> WORK ORDER
If a line contains "Building Photo - 4643 Bay Crest Dr", it is the last one to write out; begin with the first line of the records and copy each exactly.

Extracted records
——

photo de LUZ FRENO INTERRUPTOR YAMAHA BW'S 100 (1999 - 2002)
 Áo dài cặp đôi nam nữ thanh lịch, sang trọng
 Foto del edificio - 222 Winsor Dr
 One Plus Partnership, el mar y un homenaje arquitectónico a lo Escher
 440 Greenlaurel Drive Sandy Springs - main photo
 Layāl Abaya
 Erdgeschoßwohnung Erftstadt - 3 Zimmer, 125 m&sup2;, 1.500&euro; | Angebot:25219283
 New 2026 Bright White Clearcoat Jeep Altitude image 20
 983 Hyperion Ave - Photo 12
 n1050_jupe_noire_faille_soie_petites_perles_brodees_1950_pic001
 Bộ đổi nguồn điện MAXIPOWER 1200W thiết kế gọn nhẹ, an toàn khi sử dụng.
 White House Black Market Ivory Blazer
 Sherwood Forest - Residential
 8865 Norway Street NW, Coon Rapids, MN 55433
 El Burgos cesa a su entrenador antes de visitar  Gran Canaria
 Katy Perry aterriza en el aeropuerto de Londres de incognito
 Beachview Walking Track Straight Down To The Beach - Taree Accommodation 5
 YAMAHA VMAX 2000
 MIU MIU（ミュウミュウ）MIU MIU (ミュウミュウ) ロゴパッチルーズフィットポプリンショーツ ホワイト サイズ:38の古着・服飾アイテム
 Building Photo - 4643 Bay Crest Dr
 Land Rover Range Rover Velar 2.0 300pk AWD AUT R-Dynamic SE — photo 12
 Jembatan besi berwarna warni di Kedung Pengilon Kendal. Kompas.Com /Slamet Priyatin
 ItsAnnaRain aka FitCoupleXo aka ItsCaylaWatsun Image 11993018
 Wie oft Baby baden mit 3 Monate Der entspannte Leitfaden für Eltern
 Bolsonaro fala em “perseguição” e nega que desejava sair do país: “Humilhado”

——

> WORKED SOLUTION
photo de LUZ FRENO INTERRUPTOR YAMAHA BW'S 100 (1999 - 2002)
 Áo dài cặp đôi nam nữ thanh lịch, sang trọng
 Foto del edificio - 222 Winsor Dr
 One Plus Partnership, el mar y un homenaje arquitectónico a lo Escher
 440 Greenlaurel Drive Sandy Springs - main photo
 Layāl Abaya
 Erdgeschoßwohnung Erftstadt - 3 Zimmer, 125 m&sup2;, 1.500&euro; | Angebot:25219283
 New 2026 Bright White Clearcoat Jeep Altitude image 20
 983 Hyperion Ave - Photo 12
 n1050_jupe_noire_faille_soie_petites_perles_brodees_1950_pic001
 Bộ đổi nguồn điện MAXIPOWER 1200W thiết kế gọn nhẹ, an toàn khi sử dụng.
 White House Black Market Ivory Blazer
 Sherwood Forest - Residential
 8865 Norway Street NW, Coon Rapids, MN 55433
 El Burgos cesa a su entrenador antes de visitar  Gran Canaria
 Katy Perry aterriza en el aeropuerto de Londres de incognito
 Beachview Walking Track Straight Down To The Beach - Taree Accommodation 5
 YAMAHA VMAX 2000
 MIU MIU（ミュウミュウ）MIU MIU (ミュウミュウ) ロゴパッチルーズフィットポプリンショーツ ホワイト サイズ:38の古着・服飾アイテム
 Building Photo - 4643 Bay Crest Dr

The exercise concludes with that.